Study groups for calculus and topology

[micromass]

Hello,

Some people on PF are currently self-studying calculus and topology. So we thought we might make a post here so that interested people could join us.

We are doing the following books:
Book of Proof by Hammack (freely available on http://www.people.vcu.edu/~rhammack/BookOfProof/)
Calculus by Spivak
Introduction to topological manifolds by Lee

The idea is to discuss theory with each other and to make problems.
Communication is currently through facebook, but there are enough chat rooms where we can talk.

If anybody is interested, feel free to PM me. Please only react if you're serious about this. If you're thinking of quitting after a week then this might not be for you.

 

[zapz]

Hey,
This sounds pretty cool. However, I'm not sure if my math skills are up to par with this. What would you consider a "pre-req"? Thanks!

 

[Number Nine]

Introduction to topological manifolds by Lee

Outstanding. A sorely underrated book.

 

[genericusrnme]

What is the level of Introduction to topological manifolds by Lee like compared to Loring Tu's Introduction to manifolds?

 

[micromass]

Hey,
This sounds pretty cool. However, I'm not sure if my math skills are up to par with this. What would you consider a "pre-req"? Thanks!

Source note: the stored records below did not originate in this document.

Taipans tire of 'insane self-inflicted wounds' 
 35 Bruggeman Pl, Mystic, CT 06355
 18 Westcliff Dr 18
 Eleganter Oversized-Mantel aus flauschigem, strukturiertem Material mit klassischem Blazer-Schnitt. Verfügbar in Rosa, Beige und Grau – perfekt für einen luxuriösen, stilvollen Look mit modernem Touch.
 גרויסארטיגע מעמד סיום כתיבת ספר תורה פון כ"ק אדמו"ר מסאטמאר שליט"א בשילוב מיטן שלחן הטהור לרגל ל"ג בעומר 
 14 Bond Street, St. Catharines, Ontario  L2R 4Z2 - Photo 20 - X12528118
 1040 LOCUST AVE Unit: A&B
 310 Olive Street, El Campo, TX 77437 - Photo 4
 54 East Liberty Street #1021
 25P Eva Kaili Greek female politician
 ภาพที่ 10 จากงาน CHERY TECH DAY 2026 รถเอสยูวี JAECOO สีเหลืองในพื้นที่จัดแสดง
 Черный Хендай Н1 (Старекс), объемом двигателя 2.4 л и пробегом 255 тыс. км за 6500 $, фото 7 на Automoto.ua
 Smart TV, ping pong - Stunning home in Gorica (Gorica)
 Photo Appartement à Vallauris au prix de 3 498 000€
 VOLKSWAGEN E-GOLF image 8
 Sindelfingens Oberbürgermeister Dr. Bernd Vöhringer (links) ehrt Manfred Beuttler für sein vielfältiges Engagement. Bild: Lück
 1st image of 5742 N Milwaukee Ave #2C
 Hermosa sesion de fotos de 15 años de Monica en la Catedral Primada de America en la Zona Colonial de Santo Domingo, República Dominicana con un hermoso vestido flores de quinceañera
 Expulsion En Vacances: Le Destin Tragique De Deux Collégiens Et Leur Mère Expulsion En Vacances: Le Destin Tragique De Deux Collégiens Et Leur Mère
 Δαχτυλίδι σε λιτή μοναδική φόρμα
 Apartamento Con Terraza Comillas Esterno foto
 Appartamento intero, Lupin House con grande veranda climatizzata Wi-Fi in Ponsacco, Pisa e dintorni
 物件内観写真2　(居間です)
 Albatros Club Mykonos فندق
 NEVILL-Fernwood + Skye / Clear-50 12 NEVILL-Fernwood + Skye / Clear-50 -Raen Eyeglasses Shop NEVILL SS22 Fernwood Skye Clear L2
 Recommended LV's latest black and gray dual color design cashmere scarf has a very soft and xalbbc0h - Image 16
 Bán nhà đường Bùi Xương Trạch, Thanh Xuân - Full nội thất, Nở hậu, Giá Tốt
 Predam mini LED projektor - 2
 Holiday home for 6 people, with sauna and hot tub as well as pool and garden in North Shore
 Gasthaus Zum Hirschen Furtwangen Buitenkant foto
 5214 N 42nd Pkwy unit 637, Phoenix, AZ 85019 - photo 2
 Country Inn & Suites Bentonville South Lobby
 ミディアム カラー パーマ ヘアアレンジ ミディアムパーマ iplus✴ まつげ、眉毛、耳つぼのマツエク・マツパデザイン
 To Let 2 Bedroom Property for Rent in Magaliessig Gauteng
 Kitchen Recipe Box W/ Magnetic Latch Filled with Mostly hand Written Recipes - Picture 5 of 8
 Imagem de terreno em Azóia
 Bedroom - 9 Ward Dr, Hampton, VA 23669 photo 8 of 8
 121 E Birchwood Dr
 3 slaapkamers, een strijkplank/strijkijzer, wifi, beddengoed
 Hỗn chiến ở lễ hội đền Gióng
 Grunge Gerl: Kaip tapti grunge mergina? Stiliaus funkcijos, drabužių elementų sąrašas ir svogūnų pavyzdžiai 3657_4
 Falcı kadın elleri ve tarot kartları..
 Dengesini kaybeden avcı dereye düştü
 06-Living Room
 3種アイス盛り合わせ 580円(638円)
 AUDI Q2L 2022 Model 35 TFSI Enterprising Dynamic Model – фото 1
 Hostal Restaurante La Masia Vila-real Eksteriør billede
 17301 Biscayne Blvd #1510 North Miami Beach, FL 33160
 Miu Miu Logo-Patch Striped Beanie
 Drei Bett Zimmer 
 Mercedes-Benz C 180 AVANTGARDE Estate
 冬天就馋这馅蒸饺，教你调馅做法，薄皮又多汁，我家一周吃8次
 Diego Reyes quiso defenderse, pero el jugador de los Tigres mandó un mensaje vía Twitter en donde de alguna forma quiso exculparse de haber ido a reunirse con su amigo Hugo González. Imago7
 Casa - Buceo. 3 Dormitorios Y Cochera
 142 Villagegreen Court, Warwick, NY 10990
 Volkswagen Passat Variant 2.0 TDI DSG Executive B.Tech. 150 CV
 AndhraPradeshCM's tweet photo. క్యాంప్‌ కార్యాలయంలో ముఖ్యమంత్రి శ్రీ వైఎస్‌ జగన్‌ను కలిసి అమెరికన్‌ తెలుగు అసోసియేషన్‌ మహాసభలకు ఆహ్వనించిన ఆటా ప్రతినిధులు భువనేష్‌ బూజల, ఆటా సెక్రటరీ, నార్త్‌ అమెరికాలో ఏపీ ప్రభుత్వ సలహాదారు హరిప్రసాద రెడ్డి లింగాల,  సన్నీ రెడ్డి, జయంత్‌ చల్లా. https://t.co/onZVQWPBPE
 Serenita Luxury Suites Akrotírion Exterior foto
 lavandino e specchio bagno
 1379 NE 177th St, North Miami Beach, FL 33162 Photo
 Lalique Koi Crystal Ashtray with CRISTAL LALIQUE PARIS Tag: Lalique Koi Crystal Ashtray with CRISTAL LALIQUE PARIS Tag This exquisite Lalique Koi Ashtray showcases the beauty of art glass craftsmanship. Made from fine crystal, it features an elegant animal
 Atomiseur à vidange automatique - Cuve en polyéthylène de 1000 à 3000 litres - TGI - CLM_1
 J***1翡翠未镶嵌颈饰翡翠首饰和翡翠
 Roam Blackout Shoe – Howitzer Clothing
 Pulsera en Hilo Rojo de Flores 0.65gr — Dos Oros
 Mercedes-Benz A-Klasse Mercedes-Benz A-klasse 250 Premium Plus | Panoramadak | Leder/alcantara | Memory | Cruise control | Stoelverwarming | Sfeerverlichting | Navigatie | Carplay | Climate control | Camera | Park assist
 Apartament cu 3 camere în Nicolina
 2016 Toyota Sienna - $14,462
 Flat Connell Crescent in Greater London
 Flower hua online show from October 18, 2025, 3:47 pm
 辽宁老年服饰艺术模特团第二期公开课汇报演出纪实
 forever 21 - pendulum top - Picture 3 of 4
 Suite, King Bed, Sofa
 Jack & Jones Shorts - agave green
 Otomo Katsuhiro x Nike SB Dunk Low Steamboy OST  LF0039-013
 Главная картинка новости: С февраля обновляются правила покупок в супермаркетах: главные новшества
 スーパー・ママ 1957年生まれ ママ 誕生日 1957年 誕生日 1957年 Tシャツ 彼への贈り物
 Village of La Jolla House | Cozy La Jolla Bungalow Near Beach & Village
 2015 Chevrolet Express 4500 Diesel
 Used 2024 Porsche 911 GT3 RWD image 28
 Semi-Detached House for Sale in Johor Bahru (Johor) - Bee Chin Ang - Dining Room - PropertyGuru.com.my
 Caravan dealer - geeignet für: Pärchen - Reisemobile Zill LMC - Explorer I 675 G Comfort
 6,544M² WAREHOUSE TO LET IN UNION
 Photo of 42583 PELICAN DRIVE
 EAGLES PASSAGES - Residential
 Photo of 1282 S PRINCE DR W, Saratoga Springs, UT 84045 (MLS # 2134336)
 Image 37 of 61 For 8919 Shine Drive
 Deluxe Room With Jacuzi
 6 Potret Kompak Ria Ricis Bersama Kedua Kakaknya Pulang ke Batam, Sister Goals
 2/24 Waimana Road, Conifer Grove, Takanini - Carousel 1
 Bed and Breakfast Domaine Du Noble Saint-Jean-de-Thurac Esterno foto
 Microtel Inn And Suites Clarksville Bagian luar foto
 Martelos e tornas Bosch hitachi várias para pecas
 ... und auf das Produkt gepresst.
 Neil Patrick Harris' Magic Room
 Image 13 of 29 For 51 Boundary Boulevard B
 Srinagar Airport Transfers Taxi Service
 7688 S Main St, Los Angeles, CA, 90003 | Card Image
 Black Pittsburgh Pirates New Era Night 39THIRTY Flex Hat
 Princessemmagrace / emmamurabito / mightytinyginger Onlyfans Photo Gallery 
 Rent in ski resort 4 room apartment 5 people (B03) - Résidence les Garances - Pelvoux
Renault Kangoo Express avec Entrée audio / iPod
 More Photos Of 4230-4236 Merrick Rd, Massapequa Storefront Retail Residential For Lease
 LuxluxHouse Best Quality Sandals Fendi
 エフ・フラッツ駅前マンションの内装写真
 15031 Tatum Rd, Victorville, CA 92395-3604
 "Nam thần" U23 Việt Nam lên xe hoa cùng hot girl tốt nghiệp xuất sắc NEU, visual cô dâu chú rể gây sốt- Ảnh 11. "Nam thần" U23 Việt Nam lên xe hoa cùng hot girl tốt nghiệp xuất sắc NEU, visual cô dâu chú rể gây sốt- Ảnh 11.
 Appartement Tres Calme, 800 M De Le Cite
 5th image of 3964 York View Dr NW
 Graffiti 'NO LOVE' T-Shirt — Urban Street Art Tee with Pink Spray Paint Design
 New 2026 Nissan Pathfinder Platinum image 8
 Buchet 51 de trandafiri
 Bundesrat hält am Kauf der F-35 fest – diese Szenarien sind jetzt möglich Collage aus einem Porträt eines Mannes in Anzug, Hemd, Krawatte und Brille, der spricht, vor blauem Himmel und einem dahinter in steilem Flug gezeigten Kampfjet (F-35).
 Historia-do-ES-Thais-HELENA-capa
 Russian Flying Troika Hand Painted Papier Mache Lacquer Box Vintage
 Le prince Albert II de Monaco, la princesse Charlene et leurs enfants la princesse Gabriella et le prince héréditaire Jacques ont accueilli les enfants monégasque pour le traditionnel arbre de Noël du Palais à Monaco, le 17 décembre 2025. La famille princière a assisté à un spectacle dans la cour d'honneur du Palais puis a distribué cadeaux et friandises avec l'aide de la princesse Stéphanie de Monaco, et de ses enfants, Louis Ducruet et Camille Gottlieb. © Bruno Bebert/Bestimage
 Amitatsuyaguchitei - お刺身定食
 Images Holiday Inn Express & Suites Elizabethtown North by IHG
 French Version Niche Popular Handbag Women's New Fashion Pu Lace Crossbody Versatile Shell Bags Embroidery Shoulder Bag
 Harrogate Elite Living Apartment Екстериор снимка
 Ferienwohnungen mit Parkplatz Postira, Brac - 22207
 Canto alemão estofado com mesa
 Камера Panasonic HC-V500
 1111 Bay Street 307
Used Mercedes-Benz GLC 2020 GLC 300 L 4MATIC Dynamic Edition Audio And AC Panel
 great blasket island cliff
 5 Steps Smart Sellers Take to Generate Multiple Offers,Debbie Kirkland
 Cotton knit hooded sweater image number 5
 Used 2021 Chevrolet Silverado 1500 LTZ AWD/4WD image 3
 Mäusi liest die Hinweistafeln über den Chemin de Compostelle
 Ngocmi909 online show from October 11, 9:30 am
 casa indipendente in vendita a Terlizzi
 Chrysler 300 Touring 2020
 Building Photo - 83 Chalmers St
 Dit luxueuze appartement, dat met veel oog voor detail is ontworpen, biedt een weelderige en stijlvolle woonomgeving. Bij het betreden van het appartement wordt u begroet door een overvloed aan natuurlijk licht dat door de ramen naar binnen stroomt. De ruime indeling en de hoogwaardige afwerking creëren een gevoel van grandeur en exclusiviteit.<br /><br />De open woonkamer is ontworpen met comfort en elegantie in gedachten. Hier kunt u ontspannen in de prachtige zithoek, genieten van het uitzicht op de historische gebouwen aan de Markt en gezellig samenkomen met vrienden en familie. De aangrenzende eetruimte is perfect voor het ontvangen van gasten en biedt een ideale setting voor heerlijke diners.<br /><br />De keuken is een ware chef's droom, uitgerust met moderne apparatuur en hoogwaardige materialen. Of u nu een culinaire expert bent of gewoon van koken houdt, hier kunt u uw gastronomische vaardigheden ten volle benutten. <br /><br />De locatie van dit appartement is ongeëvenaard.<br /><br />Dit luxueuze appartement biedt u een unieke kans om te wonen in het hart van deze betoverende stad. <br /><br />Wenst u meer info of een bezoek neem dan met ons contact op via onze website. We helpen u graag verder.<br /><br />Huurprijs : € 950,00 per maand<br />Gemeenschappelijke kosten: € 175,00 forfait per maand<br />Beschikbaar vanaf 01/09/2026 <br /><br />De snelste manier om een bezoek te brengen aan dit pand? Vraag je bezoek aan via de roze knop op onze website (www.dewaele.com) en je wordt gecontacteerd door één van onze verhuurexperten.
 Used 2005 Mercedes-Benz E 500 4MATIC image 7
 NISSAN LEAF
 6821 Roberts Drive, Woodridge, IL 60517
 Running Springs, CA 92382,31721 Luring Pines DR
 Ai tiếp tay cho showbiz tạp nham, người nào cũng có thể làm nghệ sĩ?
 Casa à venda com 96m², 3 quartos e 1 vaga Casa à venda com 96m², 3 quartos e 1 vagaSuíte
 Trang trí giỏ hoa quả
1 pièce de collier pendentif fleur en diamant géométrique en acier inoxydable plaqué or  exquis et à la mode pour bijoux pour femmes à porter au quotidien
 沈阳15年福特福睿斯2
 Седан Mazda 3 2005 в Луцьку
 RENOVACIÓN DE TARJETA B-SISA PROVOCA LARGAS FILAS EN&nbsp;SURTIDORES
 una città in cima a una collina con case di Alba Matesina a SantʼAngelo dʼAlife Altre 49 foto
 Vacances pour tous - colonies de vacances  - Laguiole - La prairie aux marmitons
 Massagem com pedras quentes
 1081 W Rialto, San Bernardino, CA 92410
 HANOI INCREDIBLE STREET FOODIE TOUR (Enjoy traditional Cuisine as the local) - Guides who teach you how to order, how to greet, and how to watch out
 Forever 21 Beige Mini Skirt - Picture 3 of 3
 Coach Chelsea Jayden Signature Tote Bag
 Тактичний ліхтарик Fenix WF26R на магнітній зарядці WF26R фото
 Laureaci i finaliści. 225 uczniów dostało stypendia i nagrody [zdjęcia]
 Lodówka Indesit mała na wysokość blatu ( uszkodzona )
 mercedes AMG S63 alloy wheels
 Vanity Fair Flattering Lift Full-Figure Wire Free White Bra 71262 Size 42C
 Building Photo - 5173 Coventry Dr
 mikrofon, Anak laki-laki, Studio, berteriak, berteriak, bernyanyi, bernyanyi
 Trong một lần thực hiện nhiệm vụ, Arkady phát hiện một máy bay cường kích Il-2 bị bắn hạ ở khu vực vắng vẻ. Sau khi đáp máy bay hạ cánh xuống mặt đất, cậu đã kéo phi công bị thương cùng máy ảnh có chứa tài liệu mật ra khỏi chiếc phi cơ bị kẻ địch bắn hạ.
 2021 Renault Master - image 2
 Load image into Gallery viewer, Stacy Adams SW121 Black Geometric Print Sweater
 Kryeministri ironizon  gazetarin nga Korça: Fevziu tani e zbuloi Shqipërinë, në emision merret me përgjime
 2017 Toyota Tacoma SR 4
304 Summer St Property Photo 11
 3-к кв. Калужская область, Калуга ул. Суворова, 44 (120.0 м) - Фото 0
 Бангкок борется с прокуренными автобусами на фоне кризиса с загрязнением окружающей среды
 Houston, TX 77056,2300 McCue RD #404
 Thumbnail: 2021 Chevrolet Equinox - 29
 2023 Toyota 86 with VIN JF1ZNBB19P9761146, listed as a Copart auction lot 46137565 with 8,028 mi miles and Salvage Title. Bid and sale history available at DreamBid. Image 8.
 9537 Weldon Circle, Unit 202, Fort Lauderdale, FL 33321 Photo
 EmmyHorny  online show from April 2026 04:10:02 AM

I guess that everybody can do the proofs book. It's not very hard.
To do Spivak, I suggest that you already know at least calculus I. So if you had calculus in high school, then you should be fine. You should be comfortable with continuity and derivatives (not necessarily with epsilon delta's, although that would be nice).

For the Lee book, you should be comfortable with a Spivak level book. You should know continuity and sequences very well and rigorously. You don't need to know metric spaces, although that would be nice.

 

[micromass]

What is the level of Introduction to topological manifolds by Lee like compared to Loring Tu's Introduction to manifolds?

I would say that they're about the same level. But Lee only covers topological manifolds, whereas Tu goes into differentiable structures.
The idea of Lee is to give a basis to later go on to his smooth manifolds book and his Riemannian manifolds.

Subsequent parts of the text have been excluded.